Question

find the no of terms of the ap 18,15 1/2 ,13...............-49 1/2

Answer 1

Here a=18;d=15 1/2-18=-5/2.

Tn=a+(n-1)d

=>-49 1/2=-99/2=18+(n-1)-5/2

=>5n/2=18+99/2+5/2

=>5n/2=70=>n=28.

Hence it is 28th term.

Hope it helps

Answer 2

Answer:

The no of terms in the given AP is 28.

Step-by-step explanation:

The given arithmetic progression is

$18,15\frac{1}{2},13,...,-49\frac{1}{2}$

First term is 18. So, a=18.

Common difference of AP is

$d=15\frac{1}{2}-18=15+\frac{1}{2}-18=-3+\frac{1}{2}=-2\frac{1}{2}$

The nth term of an AP is defined as

$a_n=a+(n-1)d$

Where, a is first term and d is common difference.

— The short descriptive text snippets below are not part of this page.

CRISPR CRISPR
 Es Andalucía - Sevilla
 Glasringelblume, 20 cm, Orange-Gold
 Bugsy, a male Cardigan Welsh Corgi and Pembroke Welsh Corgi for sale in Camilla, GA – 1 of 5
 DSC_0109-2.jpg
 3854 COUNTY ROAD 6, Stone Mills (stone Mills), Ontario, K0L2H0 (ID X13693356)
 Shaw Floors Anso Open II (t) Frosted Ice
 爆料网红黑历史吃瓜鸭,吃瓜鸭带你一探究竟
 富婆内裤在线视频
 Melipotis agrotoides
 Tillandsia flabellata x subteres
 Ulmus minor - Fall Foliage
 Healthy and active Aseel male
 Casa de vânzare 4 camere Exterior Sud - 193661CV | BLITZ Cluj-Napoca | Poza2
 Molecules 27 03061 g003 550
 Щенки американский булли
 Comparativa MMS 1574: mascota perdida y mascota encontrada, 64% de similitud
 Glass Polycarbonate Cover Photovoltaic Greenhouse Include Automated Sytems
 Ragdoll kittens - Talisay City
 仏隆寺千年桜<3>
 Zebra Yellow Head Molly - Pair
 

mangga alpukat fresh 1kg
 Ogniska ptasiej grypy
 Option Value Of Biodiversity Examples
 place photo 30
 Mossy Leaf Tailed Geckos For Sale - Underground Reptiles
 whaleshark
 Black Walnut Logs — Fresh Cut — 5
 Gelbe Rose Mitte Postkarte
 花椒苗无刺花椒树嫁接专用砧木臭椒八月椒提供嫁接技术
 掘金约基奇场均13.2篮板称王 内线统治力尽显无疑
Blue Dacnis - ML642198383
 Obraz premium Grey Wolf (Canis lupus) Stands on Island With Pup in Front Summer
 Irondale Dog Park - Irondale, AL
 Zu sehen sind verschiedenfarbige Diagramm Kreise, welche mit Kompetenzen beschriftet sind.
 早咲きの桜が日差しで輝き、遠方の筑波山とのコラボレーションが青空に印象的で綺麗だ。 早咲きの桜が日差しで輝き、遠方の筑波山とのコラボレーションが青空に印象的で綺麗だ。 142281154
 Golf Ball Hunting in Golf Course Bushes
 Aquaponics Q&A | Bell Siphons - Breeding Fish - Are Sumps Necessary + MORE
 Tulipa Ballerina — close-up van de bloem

$-49\frac{1}{2}=18+(n-1)\times (-2\frac{1}{2})$

$-\frac{99}{2}=18+(n-1)\times (-\frac{5}{2})$

$-\frac{99}{2}-18=(n-1)\times (-\frac{5}{2})$

$\frac{-99-36}{2}=(n-1)\times (-\frac{5}{2})$

Multiply both sides by 2,

$-135=(n-1)(-5)$

Divide both sides by -5.

$27=n-1$

Add 1 on both the sides.

$27+1=n$

$n=28$

Therefore the no of terms in the given AP is 28.